Ufficio post Covid-19? Roba per creativi

Più passa il tempo e più ci si rende conto che i cambiamenti imposti dalla pandemia in alcuni casi diverranno stabili. Sotto esame, e inutile negarlo, c’è il “nuovo” modo di lavorare. Come sarà l’ufficio post Covid-19? Le risposte sono molteplici e il quadro che va delineandosi fa emergere con insistenza il ruolo centrale e non più marginale dello smart working.

Facebook, Twitter, Google, PSA sono state le prime BIG ad annunciare che gran parte dei propri dipendenti avrebbero svolto il proprio incarico da remoto. Si parla anche in Italia di una quota pari al 30% di lavoro intelligente, quando si arriverà a regime. Detta così sembra che l’ufficio non sia che una delle vittime eccellenti della pandemia, al pari dei luoghi di aggregazione che costituivano il nostro modello sociale di riferimento.

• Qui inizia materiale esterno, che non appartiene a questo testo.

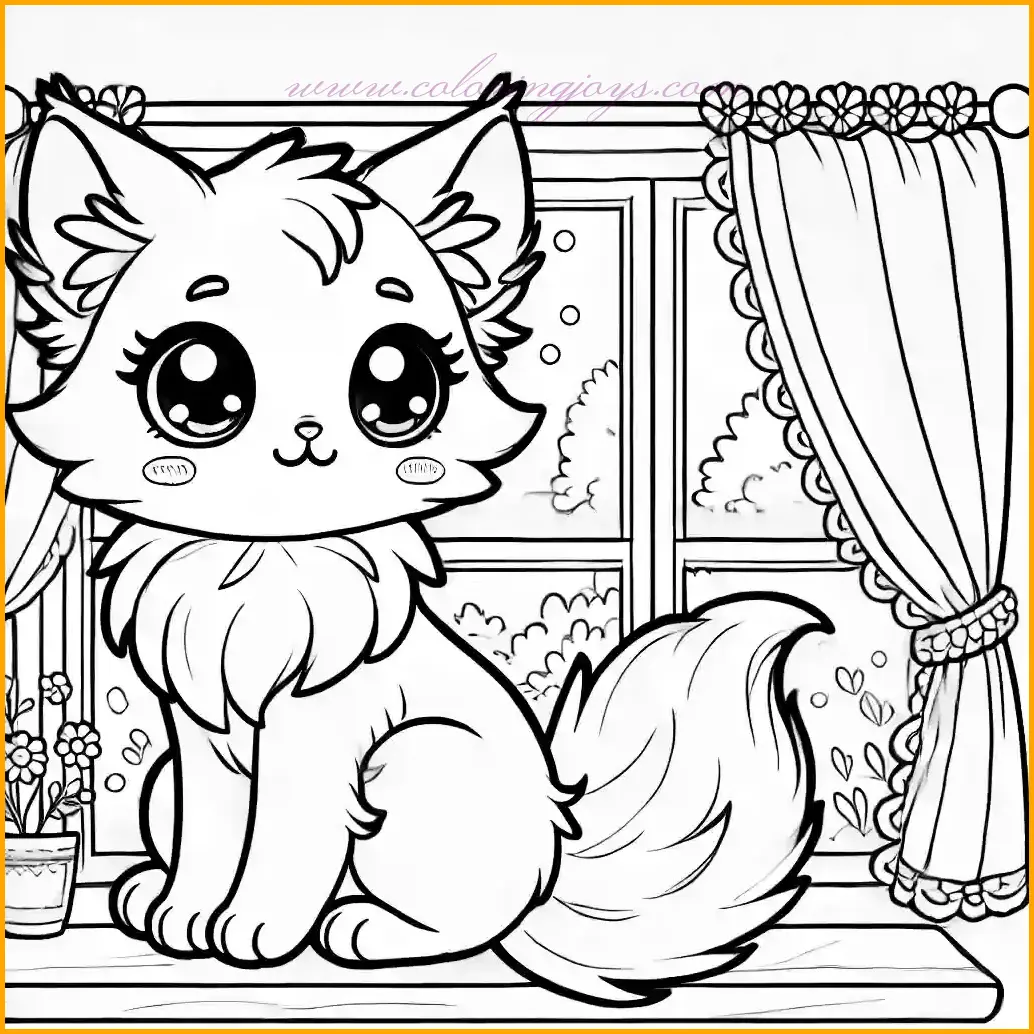 This serene image features a cute anime-style cat sitting on a windowsill and gazing outside. The cat has large expressive eyes, pointy ears, and a fluffy tail, making it delightful for kids to color. The background includes a window frame with curtains and a few flowers on the sill, providing extra elements for creativity. Use soft colors for the cat, green for the flowers, and vibrant shades for the curtains. The simple and clear outlines make this picture perfect for children to enjoy and bring to life with their colors.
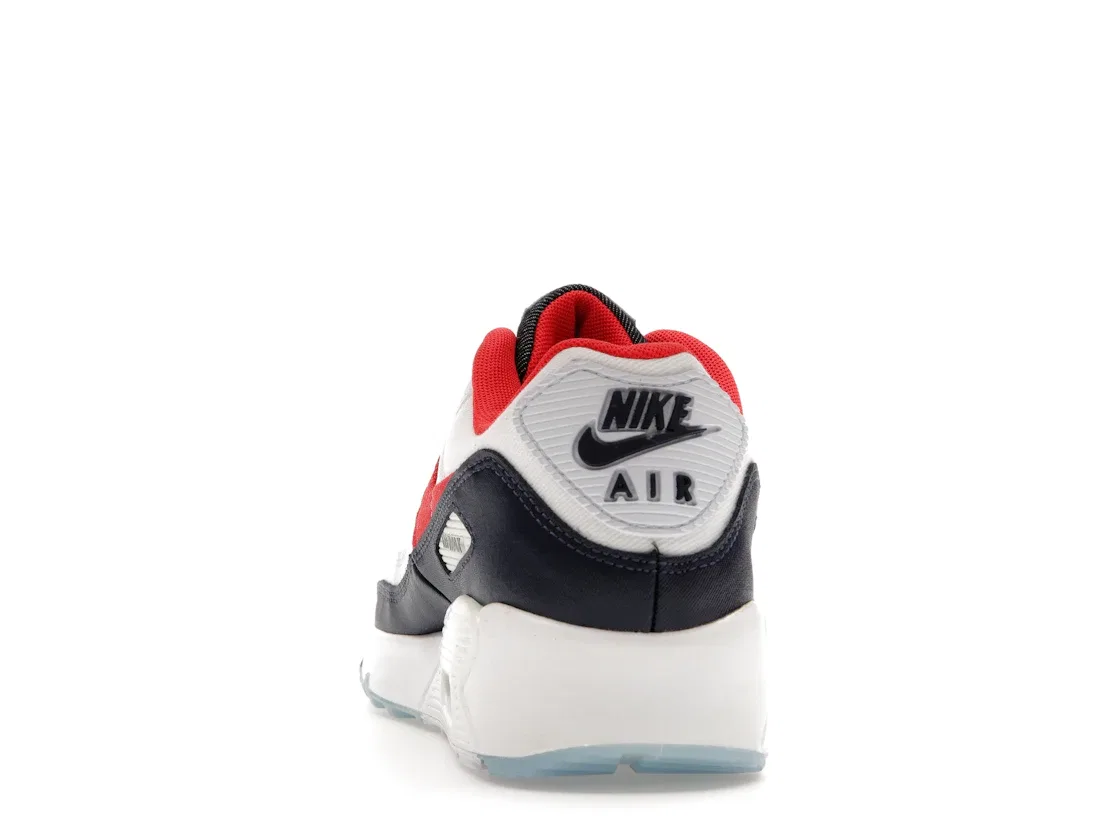 Детские кроссовки Lifestyle Nike Air Max 90, White/Midnight Navy/Psychic Blue/Chile Red — фото 4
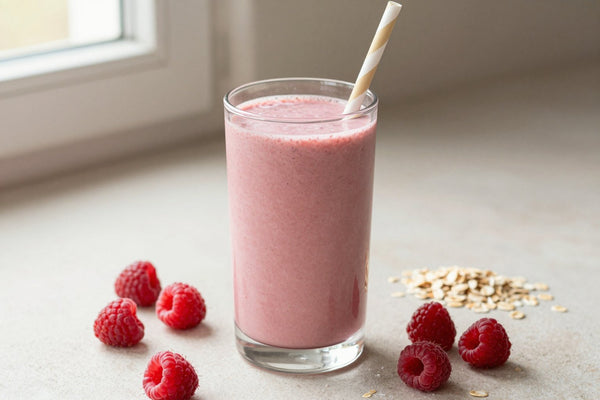Raspberry Oat Smoothie in a glass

L’apparenza inganna lo sapeva bene Melvin Webber tra i primi negli anni ’60 a teorizzare la città del futuro in cui il lavoro sarebbe stato possibile al di fuori e senza un legame fisico con la struttura dell’ufficio. Con internet si avvera la predizione di Webber, la distanza inizia a perdere di importanza e con essa la città non è più costretta a svilupparsi secondo i ritmi di crescita dell’economia.

Seguendo questa logica, con il Covid o senza, prima o poi si sarebbe arrivati alle conclusioni che oggi, frettolosamente e in tutto il mondo, si stanno prendendo in tema di smart working. Quindi qual è la novità in tema di ufficio post Covid? Perché scrivere un articolo che ripete ciò che già tutti conoscono o intuiscono?

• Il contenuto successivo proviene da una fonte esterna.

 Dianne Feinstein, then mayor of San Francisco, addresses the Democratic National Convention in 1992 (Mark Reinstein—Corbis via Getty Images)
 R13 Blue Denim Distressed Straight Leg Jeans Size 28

Iniziamo un percorso che in parte ribalta queste conclusioni, partiamo dalle esperienze di chi oggi lavora in smart working, qual è la sensazione che si avverte partecipando ad una chiamata su Zoom (o su una qualsiasi altra piattaforma)?

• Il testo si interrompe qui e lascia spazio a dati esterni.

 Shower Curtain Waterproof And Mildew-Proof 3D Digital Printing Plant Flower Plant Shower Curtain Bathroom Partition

Ristrutturare l’ufficio per promuovere i legami deboli

Le moderne tecnologie sono molto potenti, con un lap top e una buona rete si riesce a colmare la distanza e ottenere una discreta qualità del lavoro. L’interazione tra le persone è per forza di cose meno fluida, il confronto con il lavoro faccia a faccia non regge, c’è più naturalezza e agilità.

Esiste un risvolto importante e che ora non sta emergendo abbastanza. Il lavoro promosso da remoto rafforza i legami forti con le persone che appartengono già alla nostra cerchia. Allo stesso tempo perdono d’importanza i cosiddetti “legami deboli” che si possono definire come l’insieme di rapporti che provengono dalle conoscenze casuali.

Il risultato è la sostanziale restrizione delle interazioni, si parla di frammentazione della comunicazione provocata dagli spazi virtuali. La tecnologia per ora non è in grado di provvedere in tal senso per cui l’unico modo per ristrutturare le relazioni casuali è solo lo spazio fisico condiviso.

Le ristrutturazioni degli uffici dovranno seguire questa traccia per evitare di impoverire lo slancio innovativo, vitale per ogni azienda. Ne parlavamo già in un precedente articolo che ti consiglio di leggere poiché riporta alcuni esperimenti che comprovano quanto siano determinanti gli incontri casuali per promuovere nuove idee e soluzioni ingegnose.

Trasformare l’ufficio post Covid-19, l’effetto mensa

Mark Granovetter nel 1973 ha pubblicato un saggio intitolato “la forza dei legami deboli”, in cui afferma che dai conoscenti e dalle persone che incontriamo casualmente, dipende l’allargamento della nostra cerchia di contatti “utili”.

I legami deboli, sono essenziali per incrementare il numero di occasioni in grado di fornirci aiuto sostanziale. Al contrario, i legami forti, possono indicarci soluzioni che con buona probabilità abbiamo già preso in considerazione, il loro apporto è più che altro il sostegno emotivo.

L’innovazione e la mescolanza d’idee nuove hanno più possibilità di sorgere dall’abbattimento dei preconcetti e dalla “normalità intellettiva”.

Le nuove planimetrie degli uffici dovranno quindi cercare di affermare “l’effetto mensa”, in cui l’apertura e la dinamicità sia prevalente rispetto all’isolamento.

La sfida per l’ufficio post Covid-19 diventa quella di far rinascere un luogo di confronto, galvanizzato dalla ricerca della promozione dei contatti. Può apparire strano parlarne proprio nell’epoca del distanziamento sociale ma dobbiamo ricordarci e tener ben presente che le pandemie impongono distanziamento fisico non sociale.